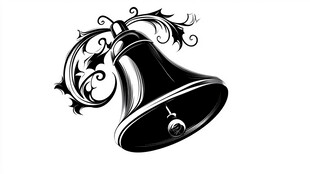 复古花纹装饰的黑色铃铛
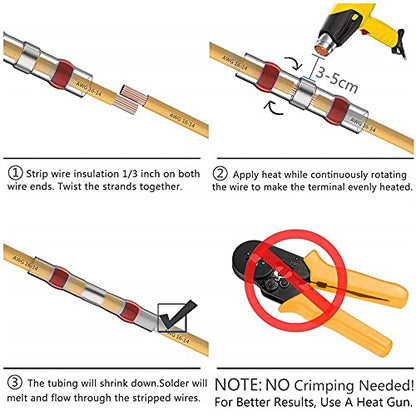 160pcs Heat Shrink Butt Connectors - Solder Seal Wire Connectors Waterproof Heat Shrink Wiring Connectors Insulated Automotive Marine Electrical Terminals AWG22-18 - size: Pro Red 160PCS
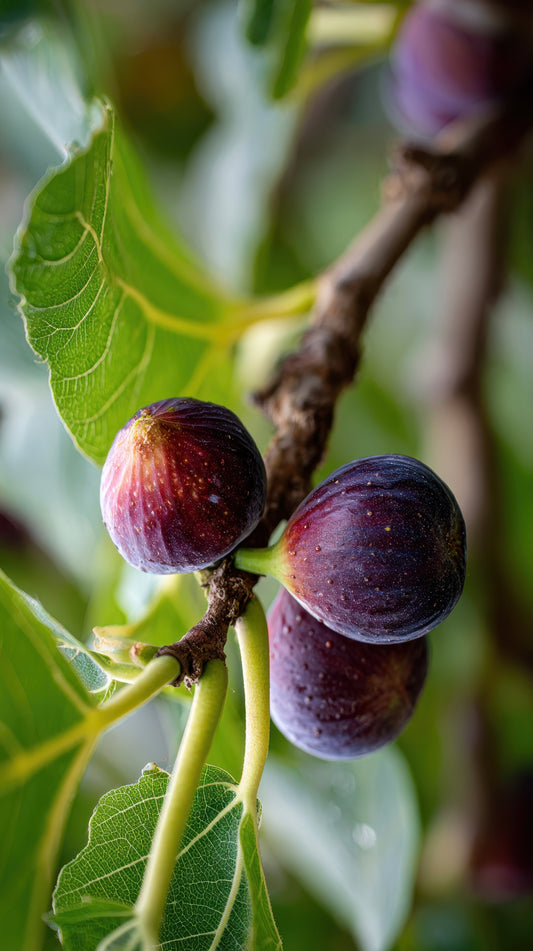 close up of deep purple fig fruits hanging on a fig tree with a blurred background 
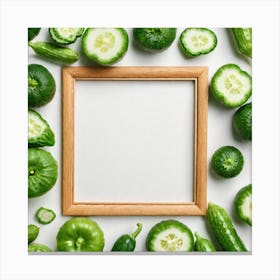 Frame With Cucumbers On White Background Canvas Print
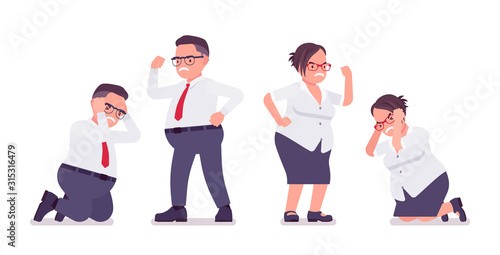 Fat male, female clerk, negative emotion. Unhappy heavy middle age business people, office manager, civil service worker, typical employee plus size formal wear. Vector flat style cartoon illustration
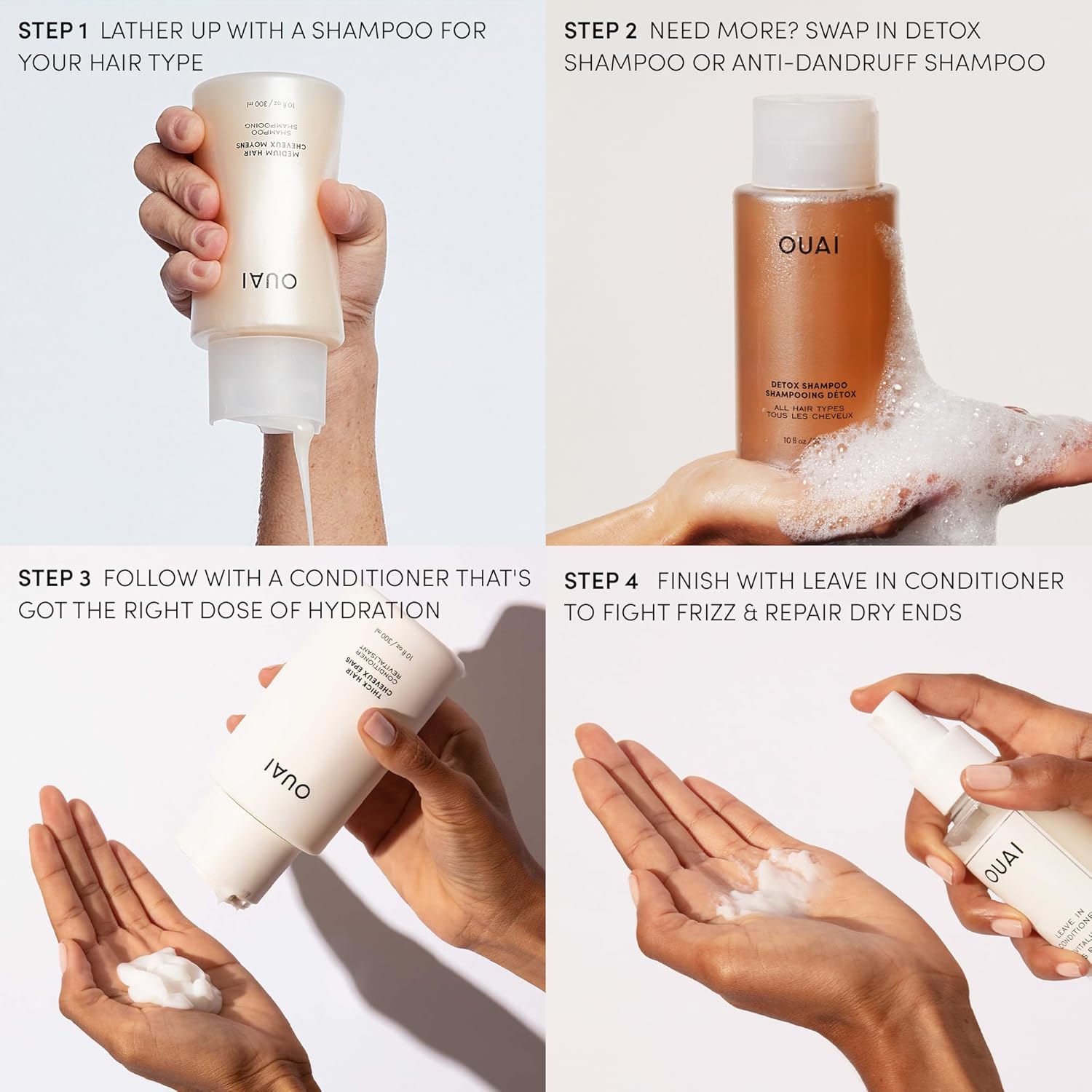 OUAI Leave In Conditioner & Heat Protectant Spray - Prime & Detangle | 140ml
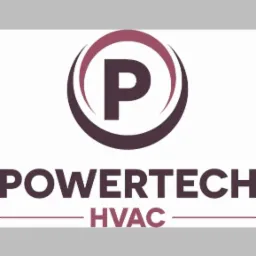 Logo firmy POWERTECH HVAC z okrągłym symbolem litery P w kolorze burgundowym i szarą obwódką.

_Exercise goal_
The lines above starting at the one that holds "160pcs Heat Shrink" and ending at the one that holds "Fat male, female" are to be written out exactly, ends included, and no pictures are to be copied.

_Task output_
 160pcs Heat Shrink Butt Connectors - Solder Seal Wire Connectors Waterproof Heat Shrink Wiring Connectors Insulated Automotive Marine Electrical Terminals AWG22-18 - size: Pro Red 160PCS
 close up of deep purple fig fruits hanging on a fig tree with a blurred background 
 Frame With Cucumbers On White Background Canvas Print
 Fat male, female clerk, negative emotion. Unhappy heavy middle age business people, office manager, civil service worker, typical employee plus size formal wear. Vector flat style cartoon illustration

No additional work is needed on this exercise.